I started drinking almost every day about a year ago, more so in the past few months. I have become a depressed anxiety-ridden OCD alcoholic. I would drink about two "mickeys" of vodka a day, just to get rid of the pain and to get myself motivated to work. But, because alcohol is a depressant, I would end my nights crying and screaming in my car because I hate my life.

During this time I also gained about 35 pounds because of stress eating and drinking.

I have called the local distress center and the suicide prevention line at least a dozen times in the past three months.

I got in a car accident and lost my car two weeks ago (no, I was not drinking and driving).

I finally called an emergency line for lawyers and they set me up with a psychologist. Although I tried to implement the strategies she tried to teach me, I continued to drink my sorrows away, and not take my anti-depressants that my doctor prescribed me.

A couple weeks ago another lawyer in my office who is 6 years sober took me out for lunch and told me she knows I am drinking and said she would accompany me to AA. I felt horrible that I was obvious about this downfall, but agreed to go only because I would die otherwise... either by alcohol poisoning or suicide.

I have now been to three meetings, next one tomorrow, and have been sober for a week and one day.

My husband has continuously ridiculed me for my weight (I am 5'11'' 3/4 - almost 6'0" and I am now 188.8 lbs, but have yo-yo'd between 150 and 190). He has done so for years.

But today he saw my gut hanging out when I was folding laundry. He started to yell, calling me a fat f'ing pig (and many other names I don't wish to repeat), and forced me to go on the scale. He saw that I was 188.8 and he lost it. He screamed so loud he was spitting on me. He said he is trying not to hit me because my psychologist told him not to, so he yelled "IF I CAN'T HIT YOU THEN I'M GOING TO HIT MYSELF" and he started hitting himself in the head, all red in the face, and grabbed his own gut (he is very skinny right now) telling me to grab mine. He told me I needed to be so upset about my weight I should go to the kitchen and use a knife to cut off my fat.

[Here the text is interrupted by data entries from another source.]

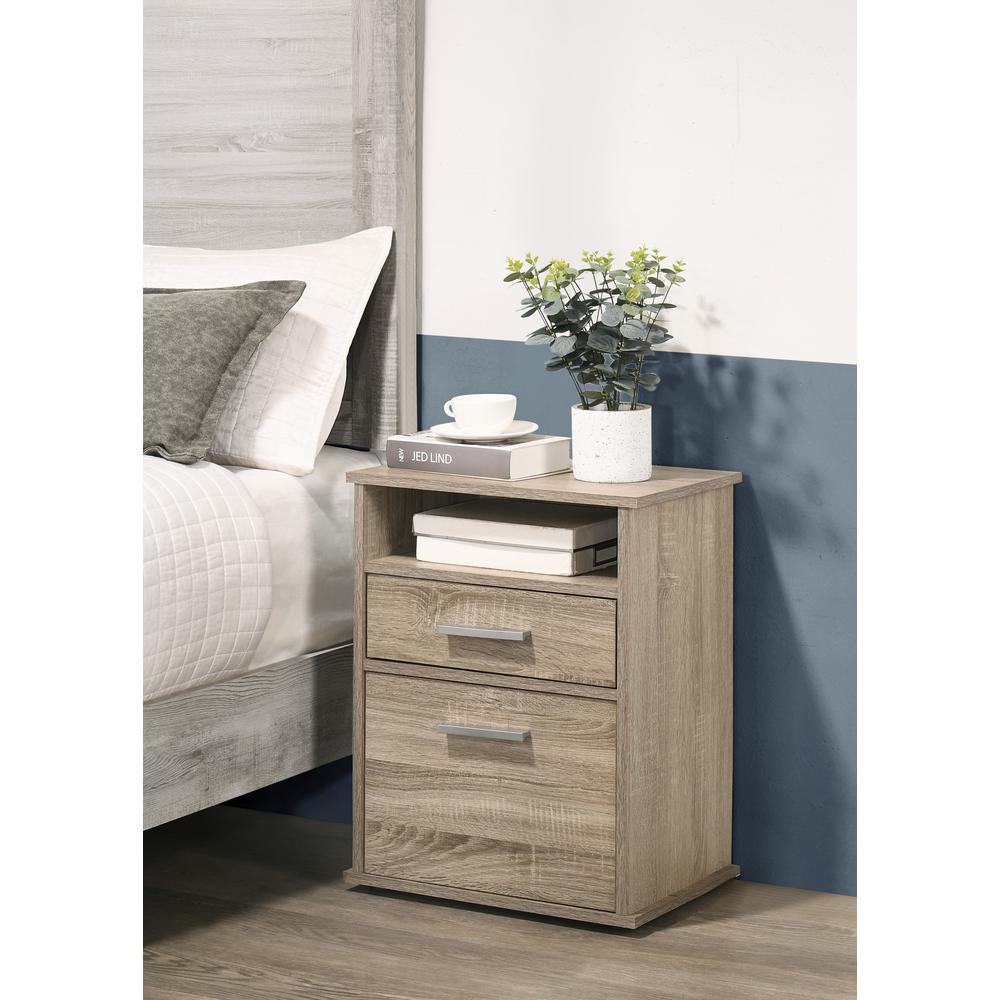 Nightstand w/ 2 Drawers. Picture 1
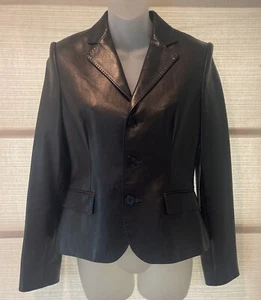 RALPH LAUREN Black Label butterweicher Lammleder Blazer Jkt~6~neuwertig~siehe Beschreibung - Bild 1 von 12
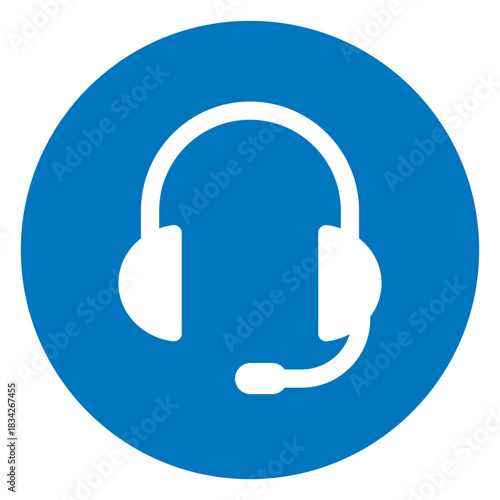 Headphones blue icon
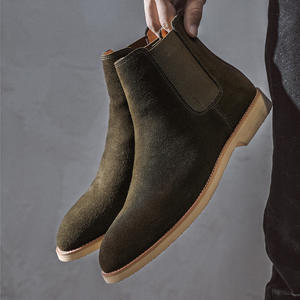 Bottes pour hommes en cuir véritable, bottes <span class=keywords><strong>Chelsea</strong></span> pour hommes, vente en gros - Product Image 3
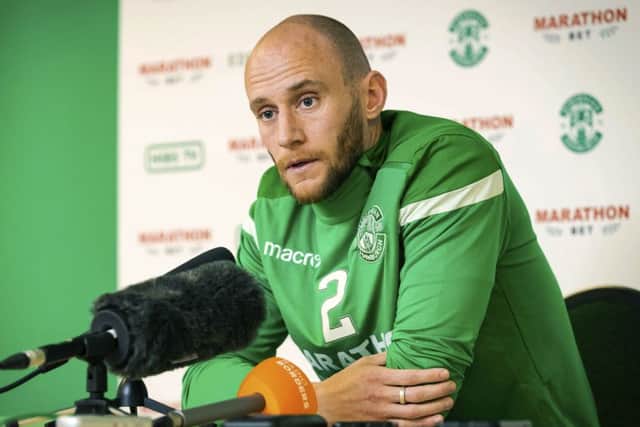 Hibernian captain David Gray. Picture: SNS
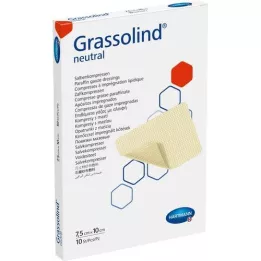 GRASSOLIND Salvipressid 7,5x10 cm steriilsed, 10 tk
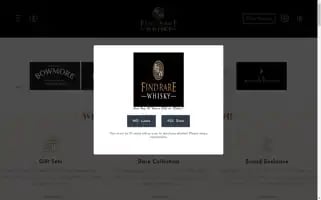 Findrarewhisky.com Screenshot 2024-05-09 17:15:37
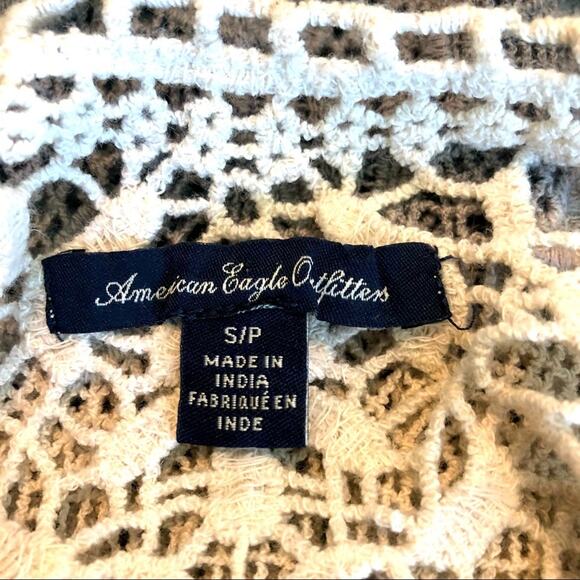 American Eagle Crochet Tank Top Womens Small Shirt Romantic Boho Coquette Fairy - Picture 2 of 4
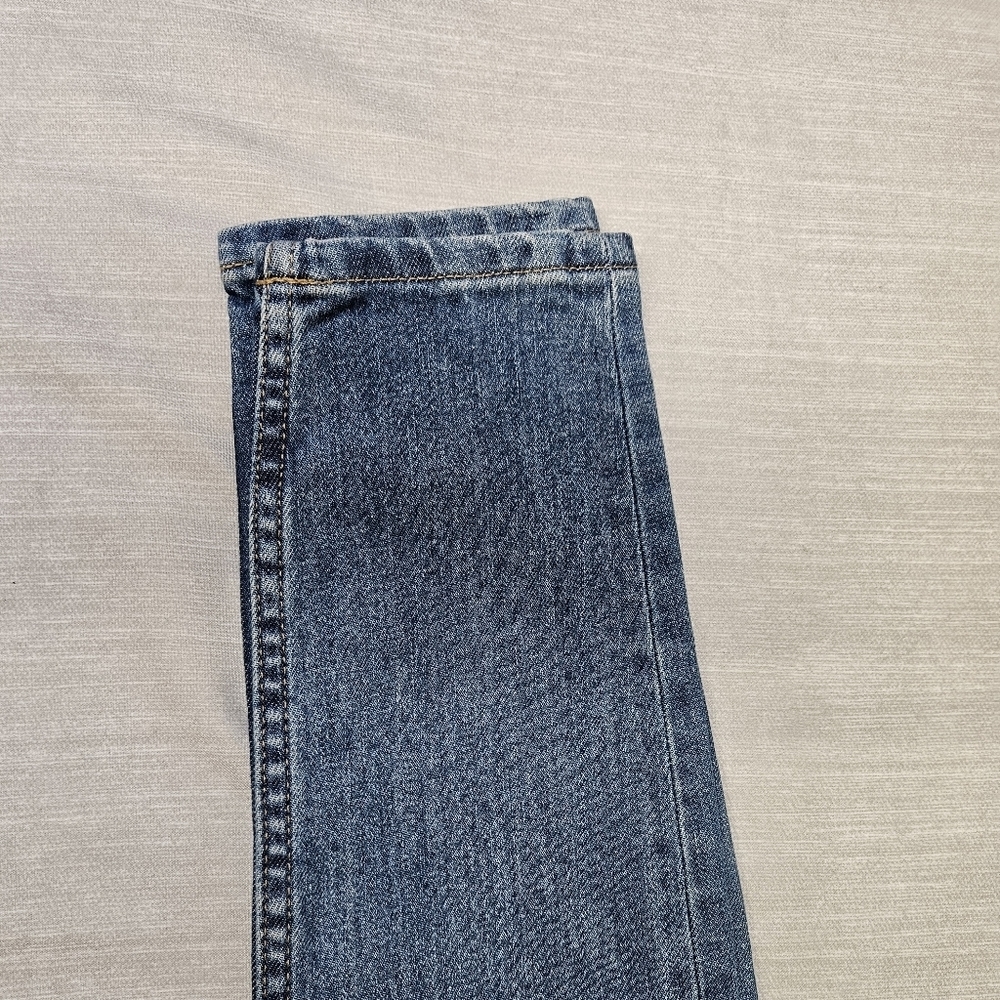 NWT EVERLANE‎ Jeans Womens Size 23 Tall Blue Mid-Rise Skinny Denim - Picture 8 of 11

Then he kicked me out. I am now at my parents house, broken.

He told me not to come back until I have lost 40 lbs. He said if I can't lose 5 lbs a week, then I am not trying hard enough.

I just thought I would share in case there are others out there whose spouses beat them up like this. I know some people may say "leave him!". But it's just not that easy. It really isn't.

My life has fallen apart. I am back on MFP and hopefully I will lose the weight I need to lose.

Thank you.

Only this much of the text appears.